Can you imagine feeling anymore angsty about a first-place team than you do right now?
Some series losses are more painful than others, and this one was positively excruciating. The relief of a win on getaway day softens the blow, but it’s worth reflecting on just how difficult this set was. In their two losses, the Cubs treated us to smörgåsbord of suffering that included three blown saves.
Though I lack Theo Epstein’s Ivy League credentials, I’m pretty sure blowing more saves than games played is an not accomplishment you want to boast about. If Saturday’s candid shot of the Cubs front office duo following Christian Yelich‘s game tying home run is any indication, they are very much included in that royal you.
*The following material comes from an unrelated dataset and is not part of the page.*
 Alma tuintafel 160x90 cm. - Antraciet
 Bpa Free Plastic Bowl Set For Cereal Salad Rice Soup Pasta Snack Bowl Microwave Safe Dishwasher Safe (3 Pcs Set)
Len Kasper said it best following that home run: “Oh my goodness.” It suddenly felt as if every single thing that could go wrong for the Cubs was going to do just that. Briefly becoming the lone occupants of second place in the NL Central seemed an appropriate fate for the group. Luckily for them, that Sunday win and a cooperative Houston Astros team helped make that stay a temporary one.
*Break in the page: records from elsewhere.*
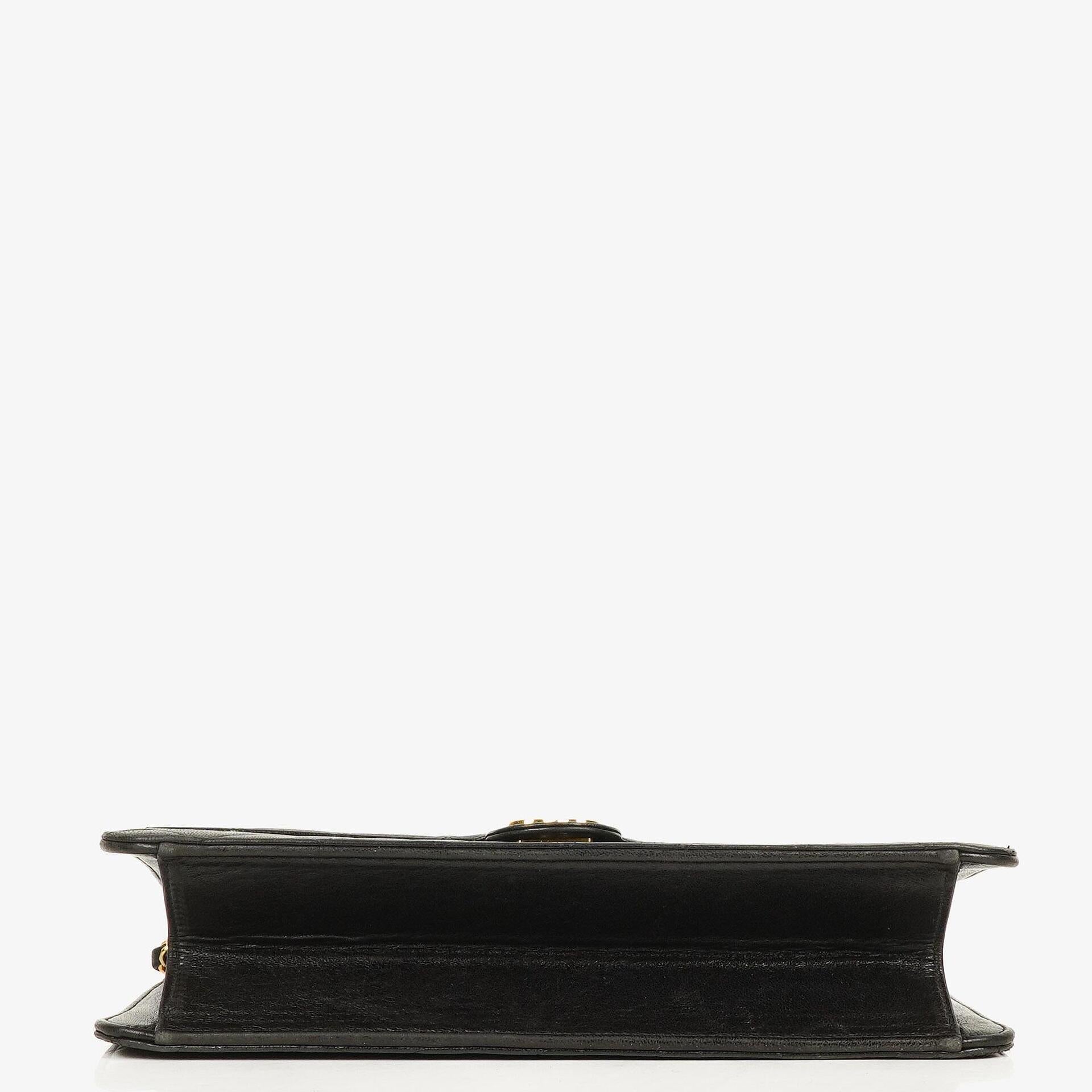 Chanel Vintage Medium Classic Single Flap Tasche aus schwarzem gestepptem Lammleder mit 24K vergoldeten Beschlägen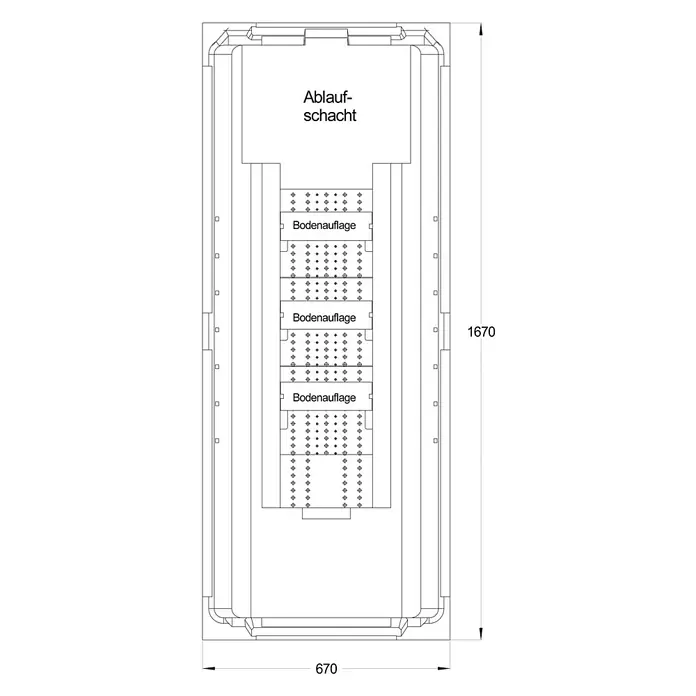 Ottofond Wannenträger Filo - Passend für: Badewanne Filo 170 x 70 cm - Ansicht von oben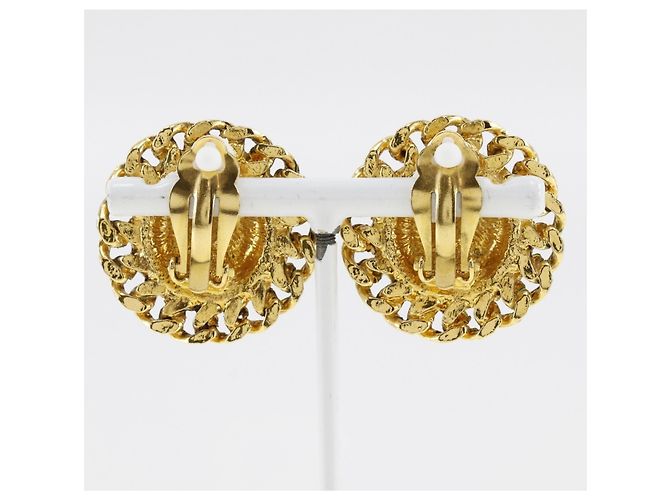 Timeless Vintage Gold Clip Ohrringe Matelassé von Chanel Golden - Ansicht 3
So while Sunday’s resounding victory cannot erase the roster’s glaring flaws or the fanbase’s growing anxiety, it does allow the Cubs to walk away from a very difficult series right where they started it: In a first-place tie with the Cardinals and with this bunch of Brewers breathing down their necks.
Fasten those seatbelts!
The first two games of this series featured some absolutely brutal moments for the Cubs. In games that might as well have been replays of on another, the Cubs carried a pair of runs and a lead into the 8th inning before coughing those leads right up.
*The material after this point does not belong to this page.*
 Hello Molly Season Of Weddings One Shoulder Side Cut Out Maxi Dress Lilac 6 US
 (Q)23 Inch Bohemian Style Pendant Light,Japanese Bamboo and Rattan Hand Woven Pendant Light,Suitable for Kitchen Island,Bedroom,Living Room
On Friday, they weren’t even able to protect the tie and and on Saturday we were treated to the privilege of a second blown save two innings later, as Craig Kimbrel was unable to hold a one-run lead generated by an Albert Almora Jr. home run In the top of the 10th. Almora deserves major credit for that home run, though.
With both he and his team scuffling, he was able to generate a huge boost that ended up not being enough.
Almora, David Bote, and Anthony Rizzo generated the entirety of the Cubs’ run production over 19 innings in the series’ first two games. They carried their weight and so did Cubs starters Kyle Hendricks and Jon Lester, the latter of whom was particularly masterful. Lester pitched seven shutout innings before asking out of the game and giving way to a bullpen that didn’t protect his win.
As painful as the first two losses of the series were, Sunday’s win was the best answer you could hope for. The Cubs scored 11 runs, largely on the strength of an outstanding day by Kyle Schwarber. The outfielder got things started in the 2nd inning with the longest home run hit at Miller Park this year, a massive dong that started a seven-RBI day.
Schwarber added another three-run shot in his very next at-bat to giving the Cubs a 7-0 lead. After the Brewers briefly fought their way back into the game against a struggling José Quintana, the Cubs got their seven-run lead right back thanks to another three-run home run by Victor Caratini.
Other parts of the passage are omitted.